PARIS (awp/afp) - Est-ce bien utile de brider les moteurs des voitures, comme l'a annoncé Renault vendredi? Les spécialistes sondés par l'AFP se montrent plutôt sceptiques dans la mesure où la vague de l'électrique devrait de toute façon faire baisser la vitesse.

. Qu'a annoncé Renault?

Le directeur général de Renault, Luca de Meo, a annoncé vendredi que la vitesse serait "plafonnée selon les véhicules et ne dépassera pas les 180km/h", chez Renault et Dacia. Objectif affiché, "agir" sur la vitesse, qui "représente plus d'un tiers des causes d'accidents mortels".

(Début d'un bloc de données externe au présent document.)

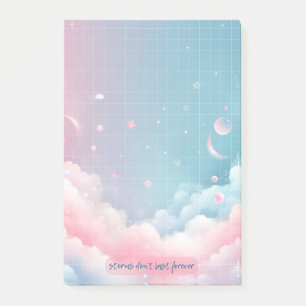 Notas Post-it® Las tormentas no duran para siempre - Pastel Sky P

"Vous avez déjà vu une Clio rouler à 180 km/h, vous?", réagit Pierre Chasseray, délégué général de l'association 40 millions d'automobilistes. Il fustige l'"inutilité" d'une telle mesure, d'autant que les amateurs de vitesse ne roulent généralement "pas en Renault".

"On parle d'un constructeur généraliste de milieu de gamme", abonde un autre spécialiste automobile, qui ne souhaite pas être cité. La portée de l'annonce aurait été différente si elle avait été effectuée par Porsche, par exemple.

. Quels précédents?

Le constructeur d'origine suédoise Volvo avait pris la même décision en 2020, avec 180 km/h comme limite. Ce "n'est pas une panacée, mais cela vaut la peine de le faire si cela permet de sauver ne serait-ce qu'une vie", argumentait Håkan Samuelsson, son président, en mars 2019.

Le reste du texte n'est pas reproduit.